This is called a counterfactual: a what would have happened scenario that can’t be refuted. What we do know is what White House economists at the time said would happen if the stimulus didn’t pass. They said the unemployment rate would peak at 9% without the stimulus (there’s your counterfactual) and that with the stimulus the rate would stay at 8% or below. (See the nearby chart.) In other words, today there are 700,000 fewer jobs than Ms. Romer predicted we would have if we had done nothing at all. If this is a job creation success, what does failure look like?
All of these White House jobs estimates are based on the increasingly discredited Keynesian spending “multiplier,” which according to White House economist Larry Summers means that every $1 of government spending will yield roughly $1.50 in higher GDP. Ms. Romer thus plugs her spending data into the Keynesian computer models and, presto, out come 2.5 million to 3.6 million jobs, even if the real economy has lost jobs. To adapt Groucho Marx: Who are you going to believe, the White House computer models, or your own eyes?
Actually, the data supports the argument made at the time Congress passed Porkulus and Barack Obama signed it. The massive and sudden increase in debt incurred for the program created a rational conclusion that national debt service costs would grow sharply. With the Democratic agenda of higher regulation proceeding apace in 2009, businesses pulled back and sheltered capital, which is why the only jobs actually saved were in state bureaucracies from the bailouts sent to cover their budget gaps … for one year only. Those jobs will shortly go on the chopping block now that Congress has gotten gun shy about engaging in another year of subsidizing state bureaucracies.

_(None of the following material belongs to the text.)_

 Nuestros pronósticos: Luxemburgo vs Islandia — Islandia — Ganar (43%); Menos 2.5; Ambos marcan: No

Mike Pence blasted this new message in a floor speech today in the House:
In the worst economy in a quarter of a century, American families are hurting, businesses are struggling in the city and on the farm. And that’s obvious to almost everyone in this country except the Obama Administration.

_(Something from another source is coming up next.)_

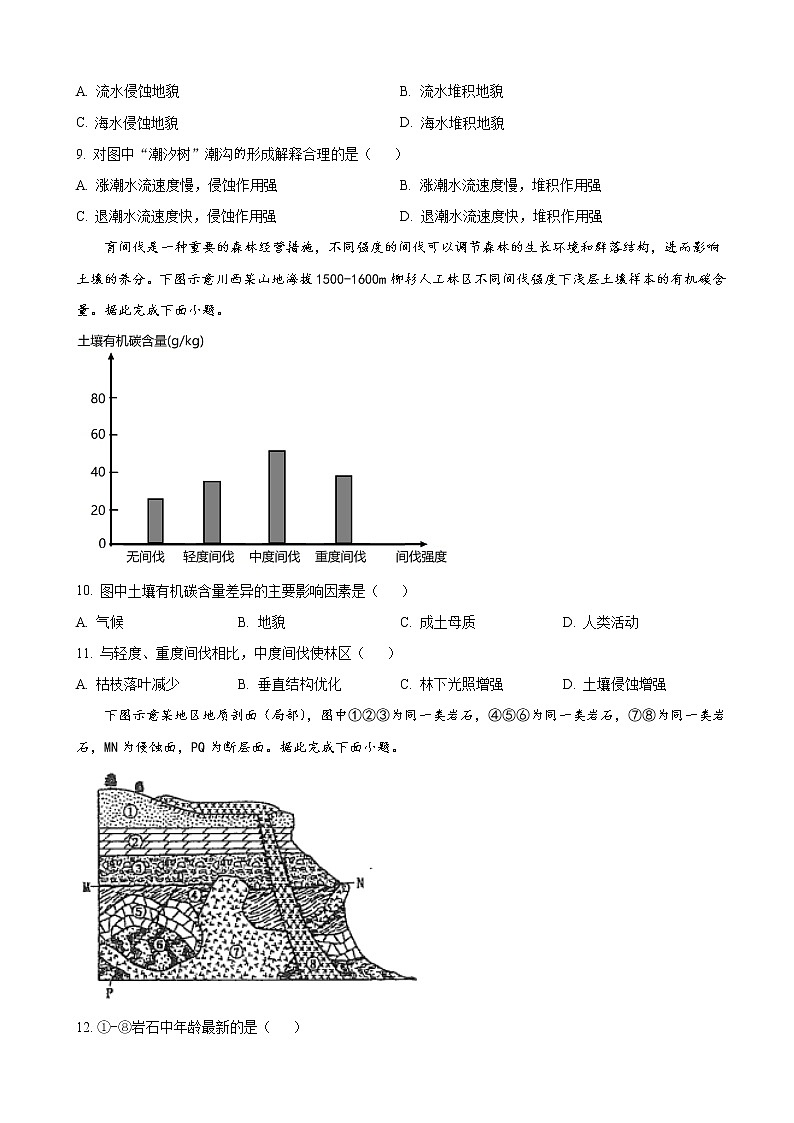2022-2023学年安徽省合肥市高三下学期第一次教学质量检测（一模）地理试题含解析03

Remarkably, yesterday, the White House issued a report saying that the stimulus bill that passed a year and a half ago, had ‘saved or created 2.5 to 3.6 million jobs.’ As my three teenagers might say to me in like circumstances, ‘Really?’ Two point five to 3.6 million jobs? Unemployment was 7.5 percent when the stimulus was passed, it’s 9.5 percent today.
It’s important the American people know that the report, issued by the administration yesterday, isn’t even based on actual numbers. It comes from what economists say is a highly-inflated projection of how much economic growth is created for every government dollar that’s spent. The facts come from the Bureau of Labor Statistics. They speak for themselves.
Since the stimulus was enacted, more than 3 million jobs have been lost in this country. A net job loss of 2.4 million jobs. Enough with the talk. The stimulus bill has failed. It’s time for new ideas. Across the board tax relief and fiscal discipline now.
And let’s recall yet again the actual employment data from the Bureau of Labor Statistics that exposes the White House argument as sheer fraud., with the red star designating the passage of Porkulus:
That’s a chart only Captain Kickass and Sergeant Smartass could spin into victory.
Update: Matt Welch puts it succinctly: “I don’t know about you, but government propaganda really irritates the hell out of me.” Kind of like Porkulus road signs, only more transparently false, I’d say.